Cubic splines with equidistant spline sampling points are a common method in atmospheric science, used for the approximation of background conditions by means of filtering superimposed fluctuations from a data series. What is defined as background or superimposed fluctuation depends on the specific research question. The latter also determines whether the spline or the residuals – the subtraction of the spline from the original time series – are further analysed.

Based on test data sets, we show that the quality of approximation of the background state does not increase continuously with an increasing number of spline sampling points and/or decreasing distance between two spline sampling points. Splines can generate considerable artificial oscillations in the background and the residuals.

We introduce a repeating spline approach which is able to significantly reduce this phenomenon. We apply it not only to the test data but also to TIMED-SABER temperature data and choose the distance between two spline sampling points in a way that is sensitive for a large spectrum of gravity waves.

It is essential for the analysis of atmospheric wave signatures like gravity waves that these fluctuations are properly separated from the background. Therefore, particular attention must be attributed to this step during data analysis. Splines are a common method in atmospheric science for the approximation of atmospheric background conditions. The shortest wavelength or period which can be resolved by the spline is twice the sampling point distance according to the Nyquist theorem. Depending on the field of interest, either the smoothed data series or the residuals – the subtraction of a spline from the original time series – are further analysed (see, for example, the work of Kramer et al., 2016; Baumgarten et al., 2015; Zhang et al., 2012; Wüst and Bittner, 2011, 2008; Young et al., 1997; Eckermann et al., 1995).

Algorithms for the calculation of splines are implemented in many programming languages and in various code packages, making them easy to use. Nevertheless, spline approximations sometimes need to be handled with care when it comes to physical interpretation.

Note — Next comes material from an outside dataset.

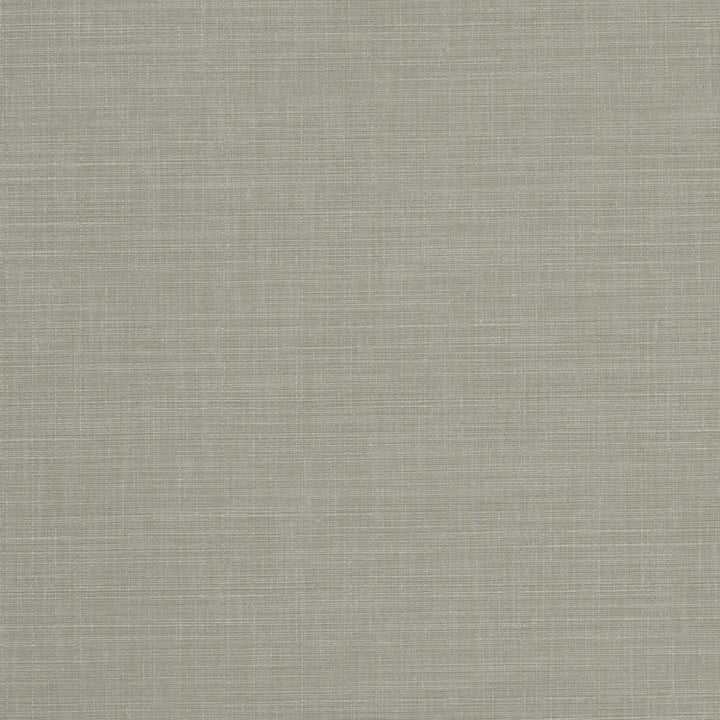 Seda Mushroom by Clarke And Clarke Fabric CLARKE & CLARKE TUSSAH & SEDA POLYESTER - 100% India HEAVY Horizontal: 0 and Vertical: 0 54.375 - Fabric Carolina -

Mean squared temperature residuals for the years 2010 to 2014
(colour-coded). They are derived from TIMED-SABER, data version 2.0 by using
a cubic spline routine with equidistant sampling points for detrending. The
distance between two spline sampling points is 10 km. All vertical SABER
temperature profiles which were retrieved between 44 and
48

Figure 1 explains our motivation for the work presented below. It shows the
squared temperature residuals averaged over 1 year for the years
2010–2014 versus height between 44 and 48

Since we are not aware of any physical reason for this oscillation, we formulate the hypothesis that this is an artefact of the analysis. In order to avoid or at least reduce such problems, here we propose a repeating variation of the cubic spline approach, which we explain in Sect. 2. In Sect. 3, we apply the original and the repeating approach to test data sets. The results are discussed in Sect. 4. A brief summary is given in Sect. 5.

The approach we investigate here relies on cubic splines with equidistant sampling points. Since spline theory is well elaborated, we will not go into much detail here. The algorithm we use is based on Lawson and Hanson (1974).

The first step for the adaption of a spline function to a data series on an interval [a, b] is choosing the number of spline sampling points (also called knots). These points divide the interval for which the spline is calculated into subintervals of equal length. For each subinterval a third-order polynomial needs to be defined, which means the coefficients have to be determined. At the spline sampling points, not only the function value, but also the first and second derivatives of the two adjacent polynomials need to be equal. The optimal set of coefficients is calculated according to a least squares approach where the sum of the squared differences between the data series and the spline is minimized.

As mentioned above, the number of spline sampling points (and the length of
the data series) determines the sensitivity of the spline to specific
wavelengths. Since the length of the data series must be an integer number
of the distance between two spline sampling points, only certain distances
between two consecutive spline sampling points can be chosen if the whole
data series is approximated. We would like to operate the spline algorithm
by providing the shortest wavelength which shall be resolved
by the spline. That means that we have to cut the upper part of the profile
in each case. This is only possible for data sets of sufficient length
such as the SABER temperature profiles, which we used for this purpose. In detail, our
spline algorithm works as follows. The scheme includes the repeating as well
as the non-repeating algorithm.

Provision of shortest wavelength

We provide the algorithm with the shortest wavelength which shall be resolved by the spline (in the following denoted by lim). It is equal to the doubled distance between two spline sampling points; therefore the distance between two spline sampling points is equal to lim/2.

Determination of

The minimal

Calculation of spline approximation

The spline approximation is calculated based on Lawson and Hanson (1974). If the length of the data series is not equal to an integer multiple of lim/2, the surplus part at the end of the data series is not subject of this step. For the non-repeating approach, the spline algorithm stops here.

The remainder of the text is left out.